# [What to do]
Among the entries below, which lines run from the line with "565 Mohawk Road" through the line with "2025-Toyota-Corolla-Cross-18-XS image:6"? Retype those, both ends included, exactly and without pictures.

# [Source data]
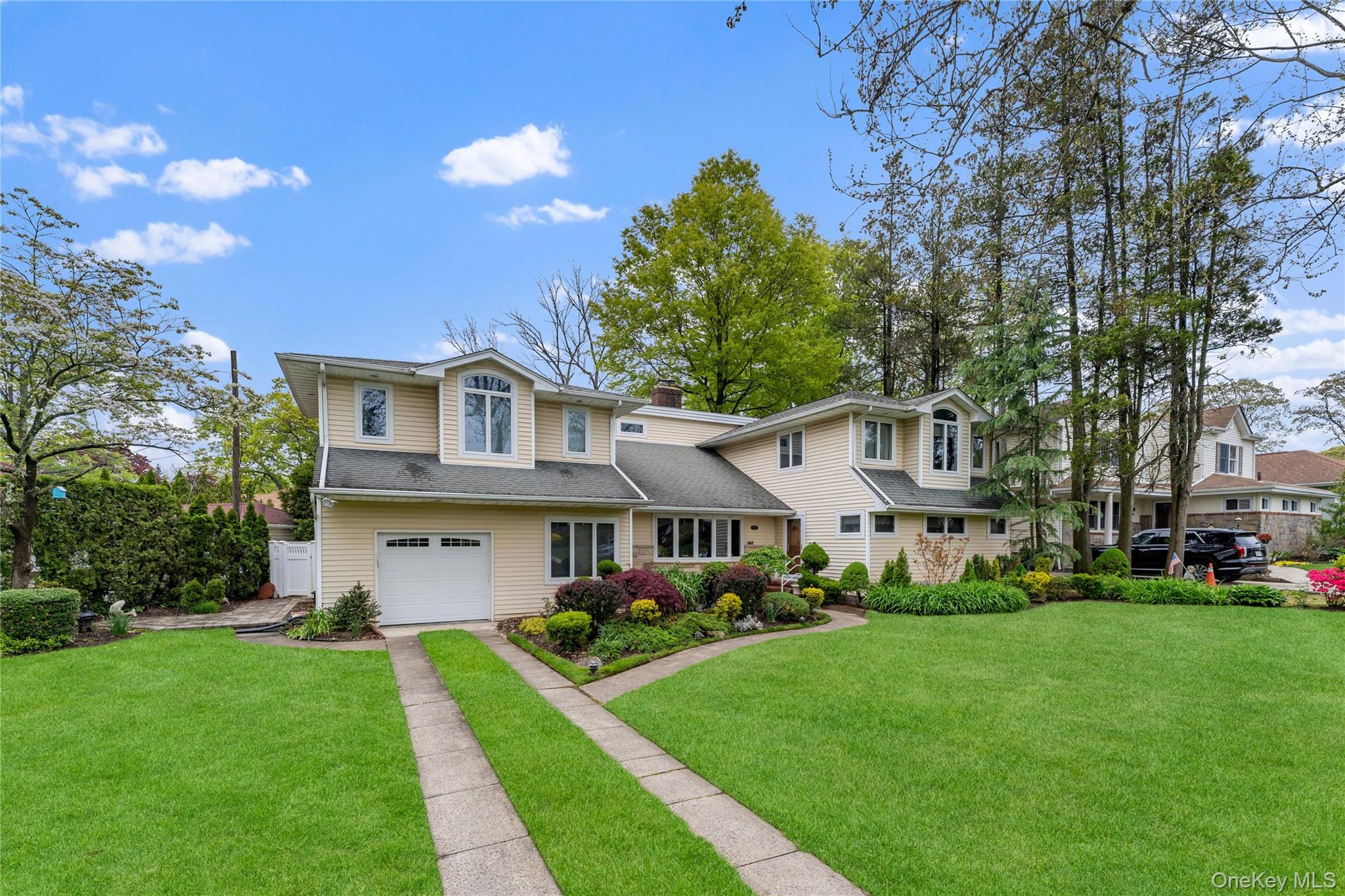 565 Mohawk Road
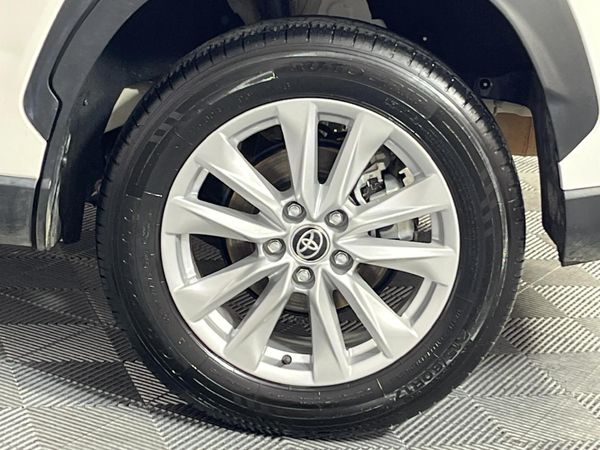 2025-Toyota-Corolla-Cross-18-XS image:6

---

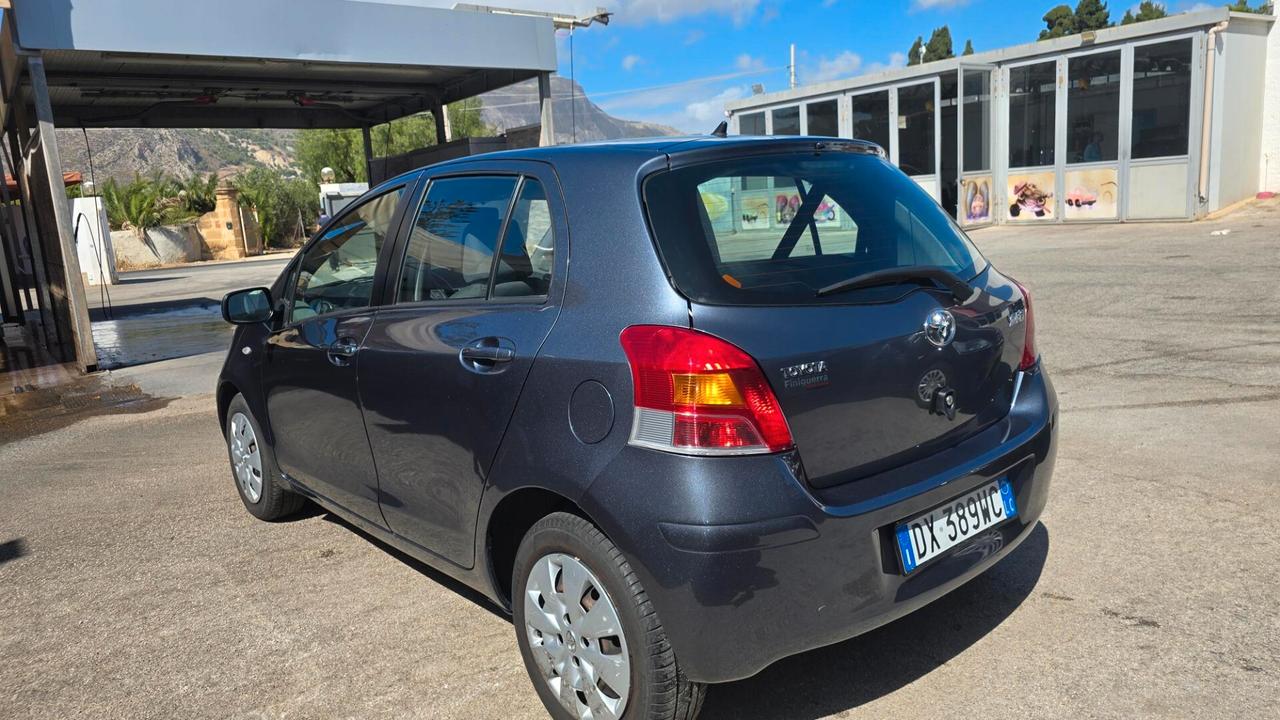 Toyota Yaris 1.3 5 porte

--

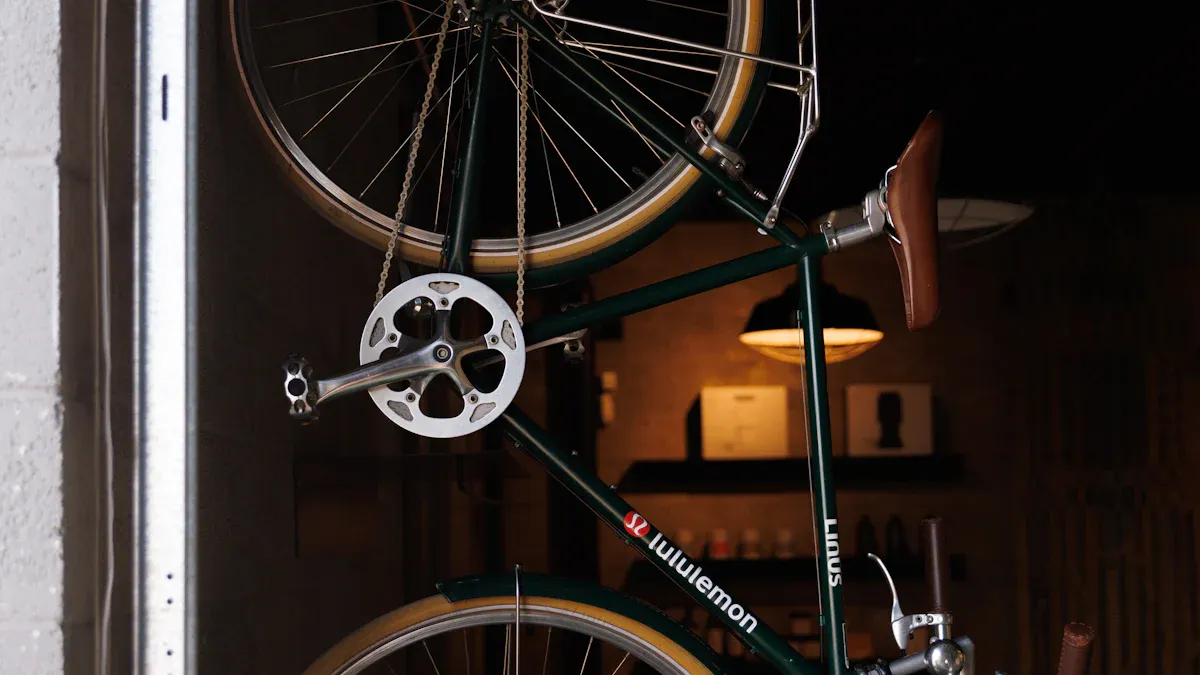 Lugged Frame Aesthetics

# [Answer section]
 565 Mohawk Road
 2025-Toyota-Corolla-Cross-18-XS image:6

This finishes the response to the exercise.